Her knees weakened as her pulse pounded in her ears.

“Akinyi, let’s go!” Adhiambo called impatiently, throwing her hands up in the air.

“No. I don’t board strangers’ cars. Maybe he will kidnap us,” Akinyi spoke while gazing straight into the aforementioned stranger’s sexy eyes.

The man grinned, shaking his head as his hot gaze scalded her body. Nothing subtle about his ogling, as if he didn’t want her to have any doubt about his intention.

Her toes curled in her shoes as she tried to act calm and nonchalant.

 “Come on. I am not a kidnapper,” he said hoarsely.

 “We cannot be so sure about that, can we?
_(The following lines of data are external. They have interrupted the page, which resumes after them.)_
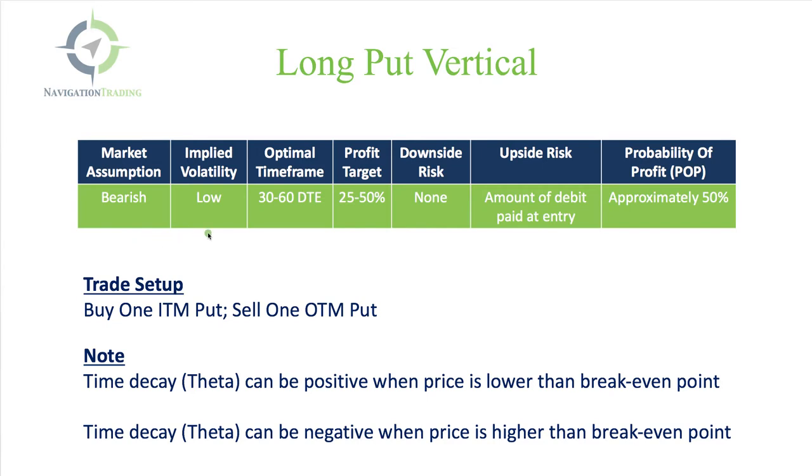The implied volatility should be low when you use this strategy because an expansion in implied volatility will help this position. Optimal timeframe, 30 to 60 days to expiration. That 45 days is the sweet spot, similar to what we do in most of our trading strategies.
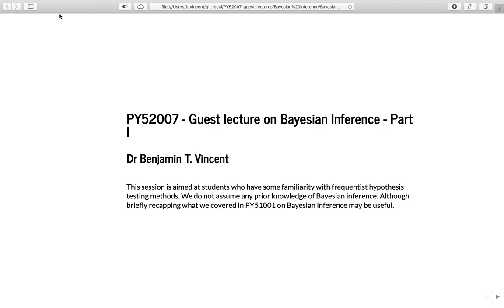This is the guest lecture on Bayesian inference and it's going to be done in two parts. We have looked at Bayesian inference a little bit before but now we're going to look at it in depth, and hopefully by the end of both parts you should feel quite confident about running your own Bayesian analyses.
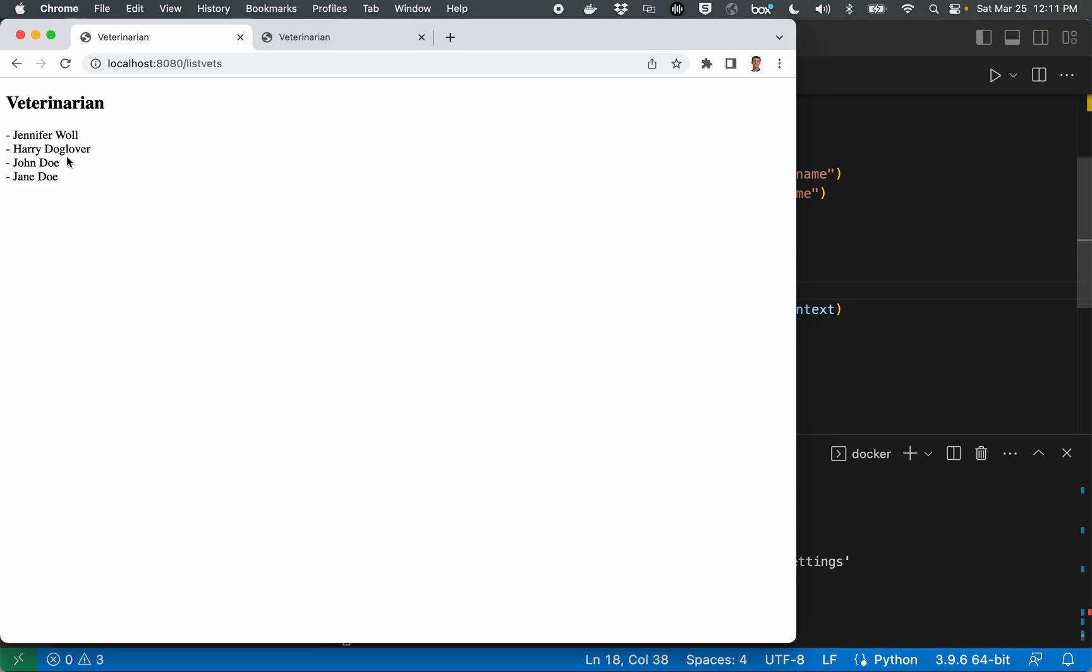All right. So in this video, you've learned how to take an existing project where you're looking at a list of veterinarians from a database table. And you've learned how to add a form that will add new veterinarians to the table that later on renders the list of veterinarians. Okay. Well, if you have any questions or comments, leave them in the section below and I'll see you in the next video.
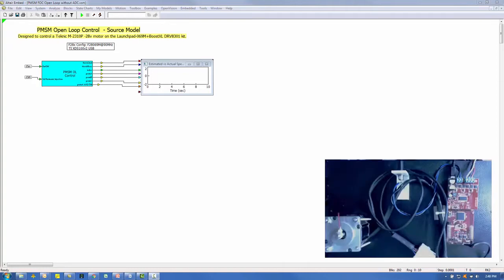This video explains how to use the Altair Embed application to control a PM-SM motor in an open-loop fashion. We will focus on the PWM configuration and third harmonic injection.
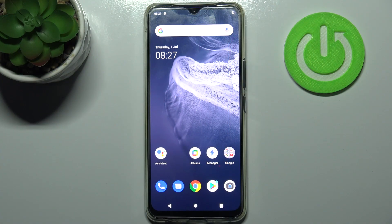Here I have Vivo V20 and today I'm going to show you how to perform a factory reset operation on this device.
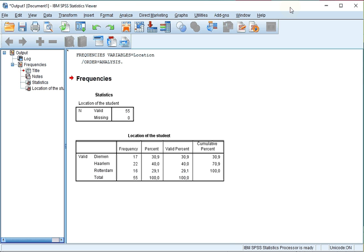Welcome. In this video I'm going to show you how to generate a bar chart in SPSS from a given frequency table. If you don't know how to generate a frequency table, please check my other videos on this topic.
What’s your name?” she asked.

Adhiambo rolled her eyes. “Akinyi!”

Akinyi ignored her, folding her arms across her chest.

 “I am Adams Okal. I am building my ranch just next to Achego Catholic church. What’s your name?” he asked, leaning his hip against the vehicle and crossing his ankles.

 “If you have ears, I believe you have heard my friend mention my name. Furthermore, I am harmless. I can’t kidnap you even if I had that in mind.” Akinyi looked him over, from his brown safari boots, the thigh-hugging jeans, through to his fitted blue shirt.

Finally, her gaze landed on his, and she winked. His eyes widened in surprise.